Provided entries:
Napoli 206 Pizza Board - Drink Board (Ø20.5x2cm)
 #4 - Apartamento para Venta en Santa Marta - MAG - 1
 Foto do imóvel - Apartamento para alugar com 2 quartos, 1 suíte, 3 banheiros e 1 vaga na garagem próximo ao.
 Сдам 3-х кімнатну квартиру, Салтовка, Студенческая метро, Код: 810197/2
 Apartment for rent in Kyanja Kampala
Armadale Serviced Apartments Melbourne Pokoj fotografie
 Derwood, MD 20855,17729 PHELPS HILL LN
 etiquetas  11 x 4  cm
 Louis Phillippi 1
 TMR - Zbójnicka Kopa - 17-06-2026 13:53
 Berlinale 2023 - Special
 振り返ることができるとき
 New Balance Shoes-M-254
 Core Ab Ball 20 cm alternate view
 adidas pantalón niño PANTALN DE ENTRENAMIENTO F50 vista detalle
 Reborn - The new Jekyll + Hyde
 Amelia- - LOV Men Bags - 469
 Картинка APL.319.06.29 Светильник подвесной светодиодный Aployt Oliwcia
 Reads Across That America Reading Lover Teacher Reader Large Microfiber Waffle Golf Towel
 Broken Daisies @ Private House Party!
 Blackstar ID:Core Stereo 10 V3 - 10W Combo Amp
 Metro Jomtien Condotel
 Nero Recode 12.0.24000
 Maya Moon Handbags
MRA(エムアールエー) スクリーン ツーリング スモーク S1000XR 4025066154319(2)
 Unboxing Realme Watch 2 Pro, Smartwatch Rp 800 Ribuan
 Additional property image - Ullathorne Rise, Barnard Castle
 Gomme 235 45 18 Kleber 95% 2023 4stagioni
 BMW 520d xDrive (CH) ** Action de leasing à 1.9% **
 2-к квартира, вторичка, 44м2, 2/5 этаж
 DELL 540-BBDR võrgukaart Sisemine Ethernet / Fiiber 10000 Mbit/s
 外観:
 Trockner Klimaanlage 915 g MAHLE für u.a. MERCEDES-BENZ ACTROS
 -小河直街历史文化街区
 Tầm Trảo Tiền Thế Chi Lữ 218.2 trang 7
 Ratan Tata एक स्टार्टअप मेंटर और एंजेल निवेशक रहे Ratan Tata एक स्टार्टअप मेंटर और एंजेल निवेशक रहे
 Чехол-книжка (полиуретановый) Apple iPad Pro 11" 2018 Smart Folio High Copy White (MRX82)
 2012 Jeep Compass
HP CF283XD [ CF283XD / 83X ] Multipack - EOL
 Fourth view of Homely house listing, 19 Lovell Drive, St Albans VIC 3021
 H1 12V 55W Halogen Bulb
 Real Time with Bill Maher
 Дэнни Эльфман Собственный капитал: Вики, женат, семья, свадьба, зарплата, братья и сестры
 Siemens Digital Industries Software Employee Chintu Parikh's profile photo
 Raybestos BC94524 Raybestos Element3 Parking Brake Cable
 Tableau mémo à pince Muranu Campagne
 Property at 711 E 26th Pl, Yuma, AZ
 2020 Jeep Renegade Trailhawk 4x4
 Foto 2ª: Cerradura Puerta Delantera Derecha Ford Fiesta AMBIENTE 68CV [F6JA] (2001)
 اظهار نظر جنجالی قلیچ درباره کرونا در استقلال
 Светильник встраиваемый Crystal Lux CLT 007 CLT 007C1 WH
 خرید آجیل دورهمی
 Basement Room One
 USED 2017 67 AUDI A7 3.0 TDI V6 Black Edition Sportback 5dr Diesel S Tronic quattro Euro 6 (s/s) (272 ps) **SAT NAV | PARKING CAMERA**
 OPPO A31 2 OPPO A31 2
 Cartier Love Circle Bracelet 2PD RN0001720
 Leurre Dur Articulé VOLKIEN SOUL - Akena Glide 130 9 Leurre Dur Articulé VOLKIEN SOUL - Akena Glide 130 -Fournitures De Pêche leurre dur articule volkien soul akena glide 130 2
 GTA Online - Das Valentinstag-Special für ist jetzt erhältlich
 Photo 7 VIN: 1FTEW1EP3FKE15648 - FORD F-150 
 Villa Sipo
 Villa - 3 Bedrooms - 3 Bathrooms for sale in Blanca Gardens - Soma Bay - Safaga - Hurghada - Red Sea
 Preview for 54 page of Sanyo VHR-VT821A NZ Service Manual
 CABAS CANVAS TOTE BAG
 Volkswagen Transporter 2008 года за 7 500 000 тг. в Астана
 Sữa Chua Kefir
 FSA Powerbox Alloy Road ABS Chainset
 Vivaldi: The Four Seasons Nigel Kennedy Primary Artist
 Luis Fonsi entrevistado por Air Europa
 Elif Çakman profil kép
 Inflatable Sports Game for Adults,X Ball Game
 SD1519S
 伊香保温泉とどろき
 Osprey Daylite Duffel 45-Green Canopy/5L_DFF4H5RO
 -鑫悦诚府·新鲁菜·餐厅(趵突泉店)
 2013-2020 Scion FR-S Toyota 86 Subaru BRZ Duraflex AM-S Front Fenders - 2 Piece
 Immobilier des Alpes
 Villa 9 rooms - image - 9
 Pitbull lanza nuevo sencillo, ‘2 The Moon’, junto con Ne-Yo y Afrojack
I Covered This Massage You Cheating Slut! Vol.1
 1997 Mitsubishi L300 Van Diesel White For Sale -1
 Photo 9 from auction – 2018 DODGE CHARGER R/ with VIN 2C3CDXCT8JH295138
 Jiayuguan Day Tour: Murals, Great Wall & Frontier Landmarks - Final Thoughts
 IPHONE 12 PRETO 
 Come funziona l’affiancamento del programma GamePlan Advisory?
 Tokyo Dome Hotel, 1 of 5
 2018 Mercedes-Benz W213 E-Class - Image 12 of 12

Your task:
Above are the records; from them, give again exactly the lines from the one containing "Photo 7 VIN: 1FTEW1EP3FKE15648 - FORD F-150" through the one containing "1997 Mitsubishi L300", both included.

Solution:
 Photo 7 VIN: 1FTEW1EP3FKE15648 - FORD F-150 
 Villa Sipo
 Villa - 3 Bedrooms - 3 Bathrooms for sale in Blanca Gardens - Soma Bay - Safaga - Hurghada - Red Sea
 Preview for 54 page of Sanyo VHR-VT821A NZ Service Manual
 CABAS CANVAS TOTE BAG
 Volkswagen Transporter 2008 года за 7 500 000 тг. в Астана
 Sữa Chua Kefir
 FSA Powerbox Alloy Road ABS Chainset
 Vivaldi: The Four Seasons Nigel Kennedy Primary Artist
 Luis Fonsi entrevistado por Air Europa
 Elif Çakman profil kép
 Inflatable Sports Game for Adults,X Ball Game
 SD1519S
 伊香保温泉とどろき
 Osprey Daylite Duffel 45-Green Canopy/5L_DFF4H5RO
 -鑫悦诚府·新鲁菜·餐厅(趵突泉店)
 2013-2020 Scion FR-S Toyota 86 Subaru BRZ Duraflex AM-S Front Fenders - 2 Piece
 Immobilier des Alpes
 Villa 9 rooms - image - 9
 Pitbull lanza nuevo sencillo, ‘2 The Moon’, junto con Ne-Yo y Afrojack
I Covered This Massage You Cheating Slut! Vol.1
 1997 Mitsubishi L300 Van Diesel White For Sale -1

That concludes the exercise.